• What you need to do:
What is needed is an exact transcription of every entry below, with the pictures left out.

[[ Supplied data, beginning ]]

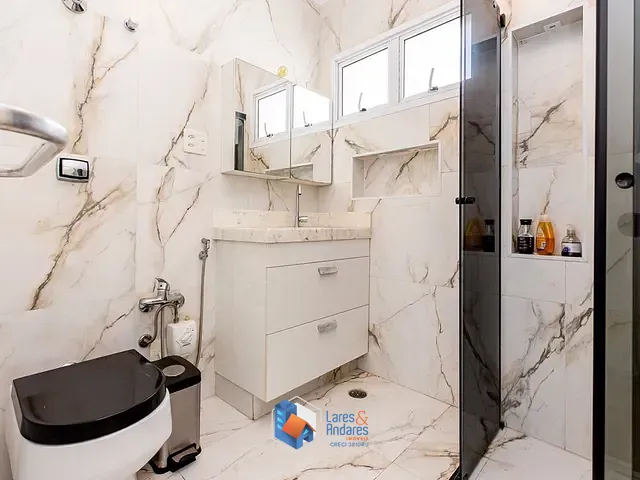 Apartamento 3 quartos e 3 banheiros, à venda, no bairro Aclimação em São Paulo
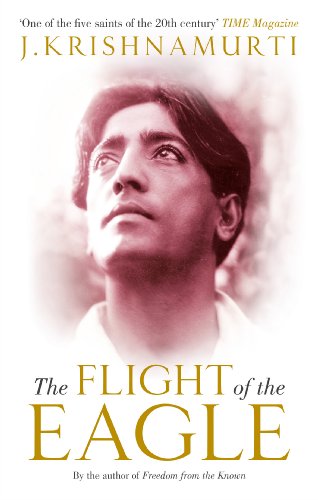 The Flight of the Eagle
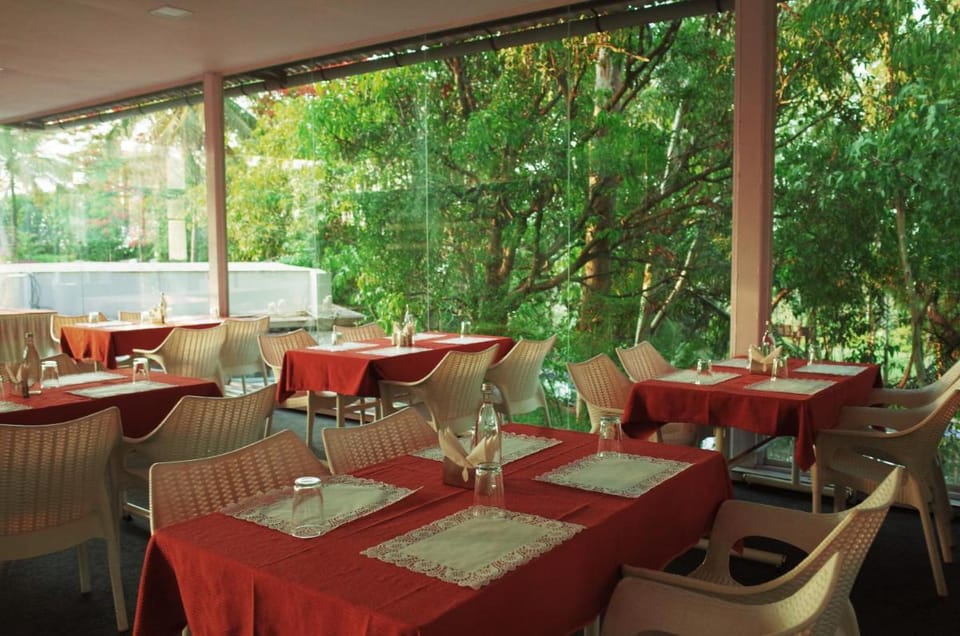 Shoonya Farm Retreat  Farm Stay in Karnataka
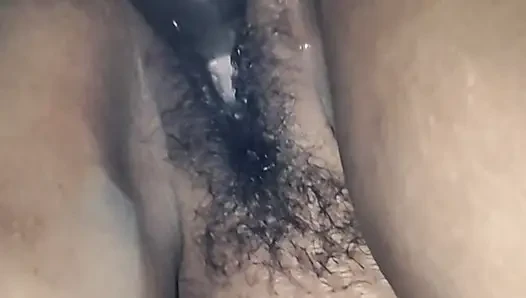 Hintli köylü evli kadın seks yapıyor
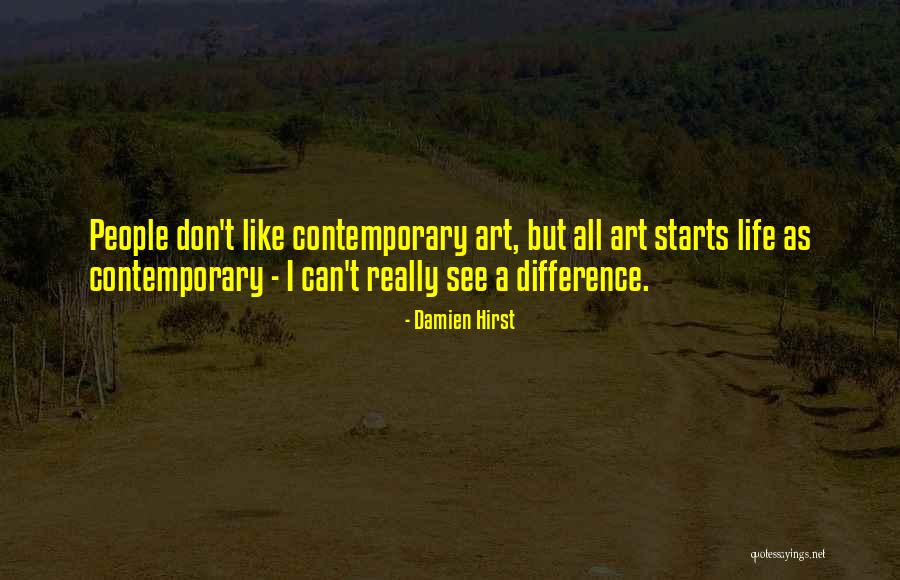 Young Sheldon Meemaw Quotes By Damien Hirst Young Sheldon Meemaw Quotes By Damien Hirst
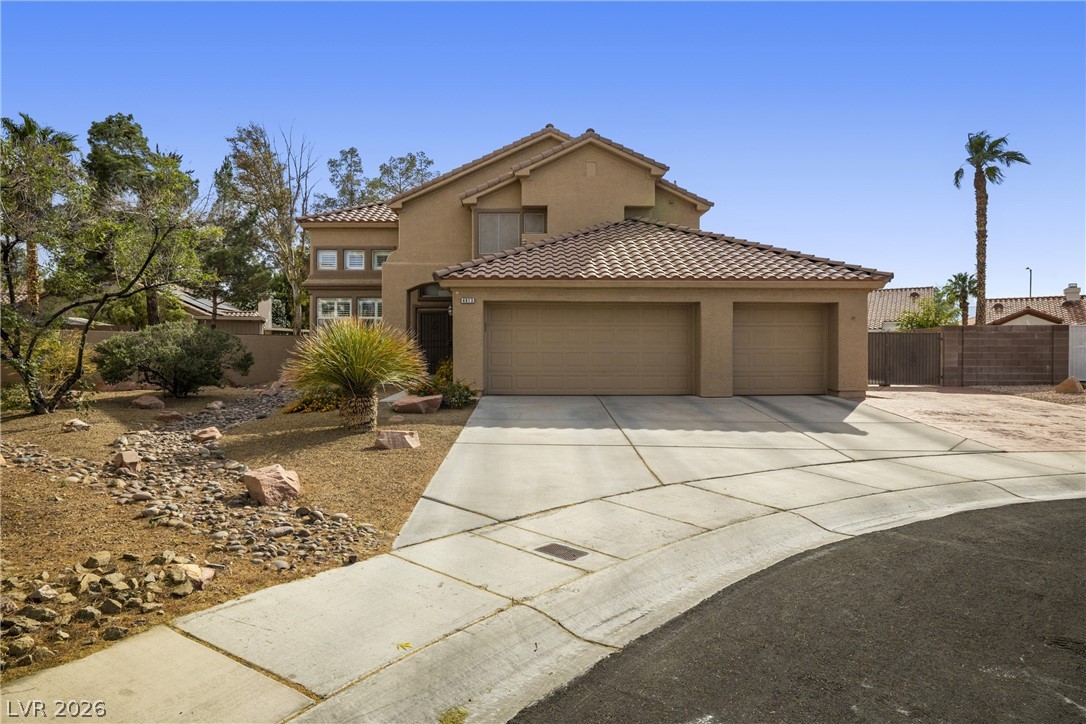 4813 Baffin Court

[[ Supplied data, end ]]

• Written solution:
 Apartamento 3 quartos e 3 banheiros, à venda, no bairro Aclimação em São Paulo
 The Flight of the Eagle
 Shoonya Farm Retreat  Farm Stay in Karnataka
 Hintli köylü evli kadın seks yapıyor
 Young Sheldon Meemaw Quotes By Damien Hirst Young Sheldon Meemaw Quotes By Damien Hirst
 4813 Baffin Court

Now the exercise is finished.